*TASK PROMPT*:
Counting from the line that holds "Animaux africains - Manches", return each line exactly, through and including the last line of the entries.

Source data
┏━━

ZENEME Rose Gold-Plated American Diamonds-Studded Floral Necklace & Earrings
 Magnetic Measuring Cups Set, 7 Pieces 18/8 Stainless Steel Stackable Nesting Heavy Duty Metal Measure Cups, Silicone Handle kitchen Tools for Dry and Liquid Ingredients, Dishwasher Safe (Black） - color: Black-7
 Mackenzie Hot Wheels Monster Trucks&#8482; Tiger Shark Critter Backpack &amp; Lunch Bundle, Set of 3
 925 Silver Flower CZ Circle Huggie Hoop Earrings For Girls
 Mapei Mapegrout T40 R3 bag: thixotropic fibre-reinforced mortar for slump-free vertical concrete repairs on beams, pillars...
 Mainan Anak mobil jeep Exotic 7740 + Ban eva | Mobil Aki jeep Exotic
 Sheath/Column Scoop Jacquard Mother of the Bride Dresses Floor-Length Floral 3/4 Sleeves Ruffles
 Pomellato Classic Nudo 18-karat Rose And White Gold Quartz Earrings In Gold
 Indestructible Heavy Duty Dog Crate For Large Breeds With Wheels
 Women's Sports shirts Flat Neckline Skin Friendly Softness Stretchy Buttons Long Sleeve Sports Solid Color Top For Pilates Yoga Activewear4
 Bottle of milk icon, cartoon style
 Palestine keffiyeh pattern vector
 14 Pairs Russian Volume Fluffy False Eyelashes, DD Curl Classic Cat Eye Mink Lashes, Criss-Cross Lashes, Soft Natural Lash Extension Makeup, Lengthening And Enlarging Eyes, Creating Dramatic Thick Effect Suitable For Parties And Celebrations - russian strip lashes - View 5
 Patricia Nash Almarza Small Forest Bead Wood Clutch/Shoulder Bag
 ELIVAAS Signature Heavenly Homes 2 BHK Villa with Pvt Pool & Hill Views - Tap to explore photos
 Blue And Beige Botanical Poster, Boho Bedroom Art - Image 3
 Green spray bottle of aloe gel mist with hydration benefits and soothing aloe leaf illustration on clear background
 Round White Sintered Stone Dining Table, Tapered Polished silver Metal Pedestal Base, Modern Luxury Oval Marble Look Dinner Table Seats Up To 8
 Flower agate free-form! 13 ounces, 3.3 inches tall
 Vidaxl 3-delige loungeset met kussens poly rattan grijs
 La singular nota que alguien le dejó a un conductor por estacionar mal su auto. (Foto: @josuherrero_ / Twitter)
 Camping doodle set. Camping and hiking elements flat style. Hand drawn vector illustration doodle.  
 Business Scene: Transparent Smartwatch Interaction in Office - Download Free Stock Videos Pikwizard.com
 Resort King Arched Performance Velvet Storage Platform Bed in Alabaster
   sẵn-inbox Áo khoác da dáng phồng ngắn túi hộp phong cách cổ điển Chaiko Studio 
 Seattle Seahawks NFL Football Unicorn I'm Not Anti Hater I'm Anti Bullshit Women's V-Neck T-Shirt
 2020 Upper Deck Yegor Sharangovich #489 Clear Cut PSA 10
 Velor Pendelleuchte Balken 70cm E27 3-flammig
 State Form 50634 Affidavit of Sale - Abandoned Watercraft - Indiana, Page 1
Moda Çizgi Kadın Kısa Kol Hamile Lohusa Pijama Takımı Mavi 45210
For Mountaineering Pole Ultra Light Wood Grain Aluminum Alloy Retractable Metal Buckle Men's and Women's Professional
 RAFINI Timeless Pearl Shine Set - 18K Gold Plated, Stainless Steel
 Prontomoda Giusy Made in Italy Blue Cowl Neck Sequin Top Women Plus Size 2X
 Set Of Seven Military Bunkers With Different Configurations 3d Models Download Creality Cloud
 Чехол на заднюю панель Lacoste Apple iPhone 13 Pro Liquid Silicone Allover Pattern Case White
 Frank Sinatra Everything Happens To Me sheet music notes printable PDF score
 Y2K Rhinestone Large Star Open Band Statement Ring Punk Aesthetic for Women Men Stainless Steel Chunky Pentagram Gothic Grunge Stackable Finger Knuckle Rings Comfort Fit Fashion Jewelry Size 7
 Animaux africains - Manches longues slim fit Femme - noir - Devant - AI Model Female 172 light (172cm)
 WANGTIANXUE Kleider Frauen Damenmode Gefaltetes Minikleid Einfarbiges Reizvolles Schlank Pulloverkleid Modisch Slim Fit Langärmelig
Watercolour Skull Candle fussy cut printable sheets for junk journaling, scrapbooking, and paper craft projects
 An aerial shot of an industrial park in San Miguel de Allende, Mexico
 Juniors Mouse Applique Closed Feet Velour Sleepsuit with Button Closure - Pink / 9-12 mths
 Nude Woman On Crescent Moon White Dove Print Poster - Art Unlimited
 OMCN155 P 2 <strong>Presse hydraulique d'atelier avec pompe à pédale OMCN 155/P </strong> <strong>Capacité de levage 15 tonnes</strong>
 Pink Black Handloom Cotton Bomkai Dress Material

┗━━

*SOLVED EXERCISE*:
 Animaux africains - Manches longues slim fit Femme - noir - Devant - AI Model Female 172 light (172cm)
 WANGTIANXUE Kleider Frauen Damenmode Gefaltetes Minikleid Einfarbiges Reizvolles Schlank Pulloverkleid Modisch Slim Fit Langärmelig
Watercolour Skull Candle fussy cut printable sheets for junk journaling, scrapbooking, and paper craft projects
 An aerial shot of an industrial park in San Miguel de Allende, Mexico
 Juniors Mouse Applique Closed Feet Velour Sleepsuit with Button Closure - Pink / 9-12 mths
 Nude Woman On Crescent Moon White Dove Print Poster - Art Unlimited
 OMCN155 P 2 <strong>Presse hydraulique d'atelier avec pompe à pédale OMCN 155/P </strong> <strong>Capacité de levage 15 tonnes</strong>
 Pink Black Handloom Cotton Bomkai Dress Material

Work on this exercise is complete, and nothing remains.